Migrating data to the public cloud
The use of public storage clouds is increasing and that proliferation brings with it the need to provide facilities to move data into cloud provider environments. There are a number of ways this may be achieved, including moving entire VMs into the cloud or moving data at the block or file level.
VM import is provided as a feature by many cloud providers. For example, Amazon Web Services' VM Import feature allows VM images to be imported from existing vSphere, Hyper-V and Citrix hypervisors. Unfortunately, there are many restrictions on the types of VMs that may be imported; as a result, it may be more practical to consider simply importing the data into a fresh VM.
Zerto's suite of BC/DR replication products allows entire VMs to be migrated into cloud environments. This feature could be used to move entire VMs as a migration task, rather than simply for backup.

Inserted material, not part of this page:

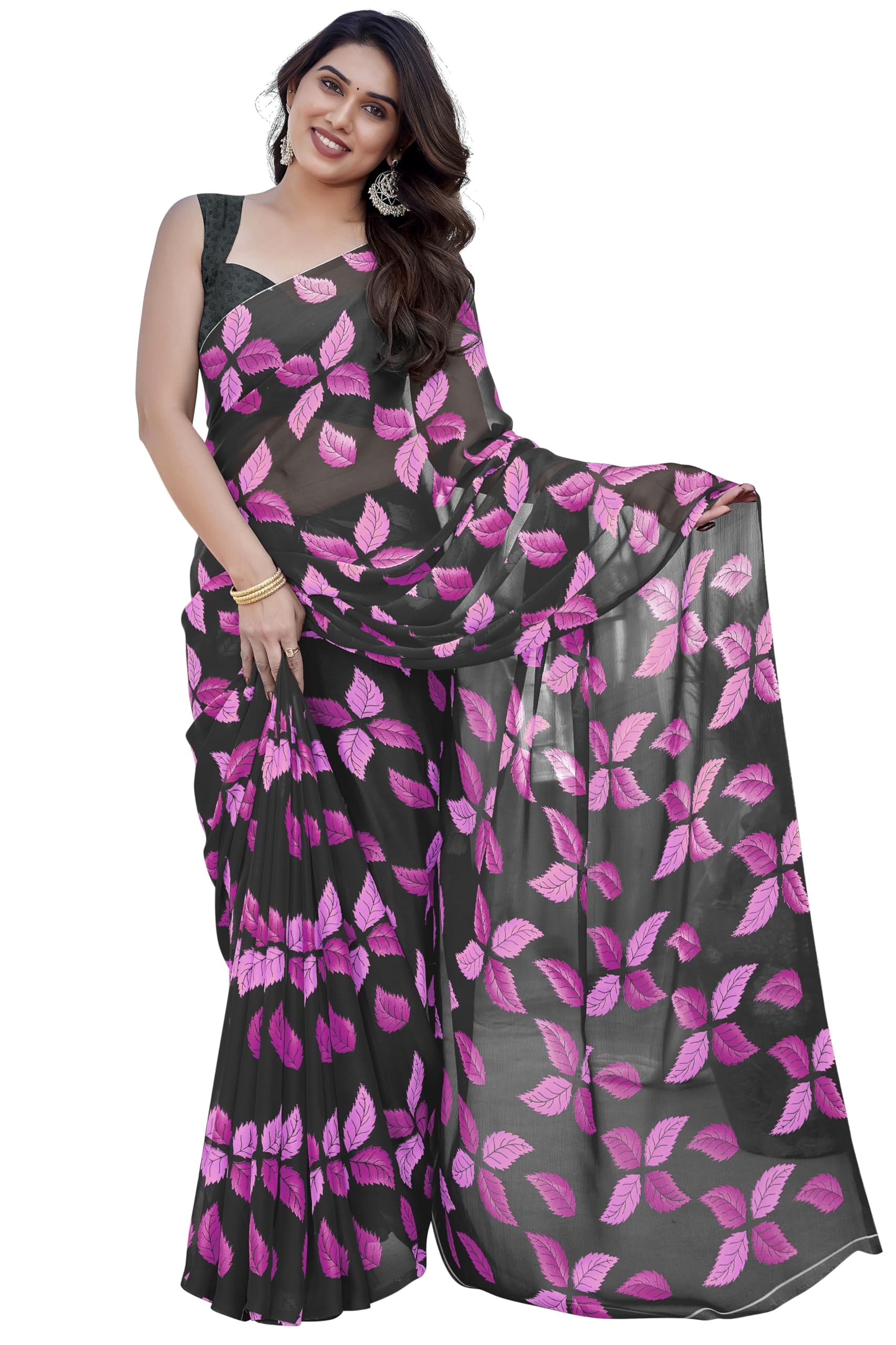 MIRCHI FASHION Women's Chiffon Floral Saree - Black Magenta Pink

File-based data can be migrated into cloud providers using gateway appliances such as those from Nasuni and Avere Systems. Both platforms abstract the presentation of file data, allowing the back-end storage to be managed by the appliance. With Nasuni, the gateway appliance can be a physical server or VM, both of which can take the identity of a virtual file appliance, providing resilience and the ability to restore access to data with minimum disruption. Avere Systems' appliance allows data to be both moved and replicated between local storage and a cloud provider, enabling mirroring and data mobility functionality.
Microsoft's StorSimple platform allows block-based data to be moved to its Azure cloud storage platform, expanding the capacity of local storage resources. Nasuni provides similar functionality, as does AWS with its Storage Gateway. However, only Amazon provides the ability to access that data as block devices within its Cloud Computing platform.
Scale-out storage and big data
Cloud and traditional storage aren't the only data storage platforms these days. We're seeing the emergence of scale-out storage solutions and data repositories (sometimes known as data lakes) for storing large quantities of data.
Open source platforms such as Ceph and Gluster provide scale-out file and block capabilities and are maturing to a level where data migration will be relatively easy to achieve. Scale-out storage solutions from the likes of SolidFire and Nimble Storage enable clusters to grow and shrink on demand.
Hadoop is one of the most well-known and popular big data platforms. It has a built-in tool called DistCp that can be used to copy data between Hadoop clusters. Of course, Hadoop wasn't really built with data mobility in mind, so moving data in and out of a Hadoop cluster isn't a case of simply presenting a file system or a LUN to the user.
New architectures can equal new migration issues
As Facebook's experience shows, large data lakes can grow to a size where physical data center space is an issue, and moving clusters requires a serious amount of planning and effort. In some respects this takes us back full circle to our original discussion on data mobility and migration of traditional block storage. The issues of data migration have been well described, and solutions are available to do it simply and to reduce costs. However, new storage technologies are still immature relative to managing data mobility, and that will be a significant area of focus as those technologies become more popular.